Statistically, about 75% of all vehicle fires, including RV's, are engine or drive train related. There are fire suppression systems available for the engine compartment, so consider that as well as the refer area.
2001 GBM Landau 34' Class A
F53 chassis, Triton V10, TST TPMS
Bigfoot Automatic Leveling System
2011 Toyota RAV4 4WD/Remco pump
ReadyBrute Elite tow bar/Blue Ox baseplate
After just witnessing the results of an RV fire, I have renewed my interest in a fire suppression system for my refrigerator compartment. No one was injured during this fire, but the damage was major.
We travel with pets, and I am concerned that there may be a fire while we are away from the coach and that our pets may be injured.
I remember reading some articles about Halon systems and would like information about there effectiveness an there availability.
Has any installed any type of fire suppression system in their coach, and if so, would you please provide information about the type system and whether or not you are satisfied with it.
Because Halon is a CFC, the production of Halon ceased on January 1, 1994, under the Clean Air Act. Ozone layer depletion, etc.
Any Halon used now in any fire suppression system is recycled from old stock produced prior to 1994, or it is in a "new" system produced over 18 years ago. It is priced accordingly, much like Freon 12, which you can still buy. There are other products that have replaced Halon that you may also consider.
The main function for any RV is to put out the fire, period.
Halon was mainly used in computer rooms, etc, because it would not damage critical electronic equipment. This is not a concern in an RV refrigerator fire.

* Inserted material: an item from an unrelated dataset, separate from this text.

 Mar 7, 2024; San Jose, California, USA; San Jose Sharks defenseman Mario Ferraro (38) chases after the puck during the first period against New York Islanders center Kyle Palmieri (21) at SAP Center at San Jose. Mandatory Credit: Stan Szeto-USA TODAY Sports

Halon was used in a variety of suppression systems way beyond server rooms, and is still the only suppression chemical approved by the FAA as far as I know. While there are other systems out there, I'm not aware of anyone packaging FM-200 in a system that is needed in RV applications, and there is no way I would install AFFF or any powder release system that will require collateral damage cleanup or equipment replacement in the event of a release. If Halon is legal to use, then that's by far the best choice.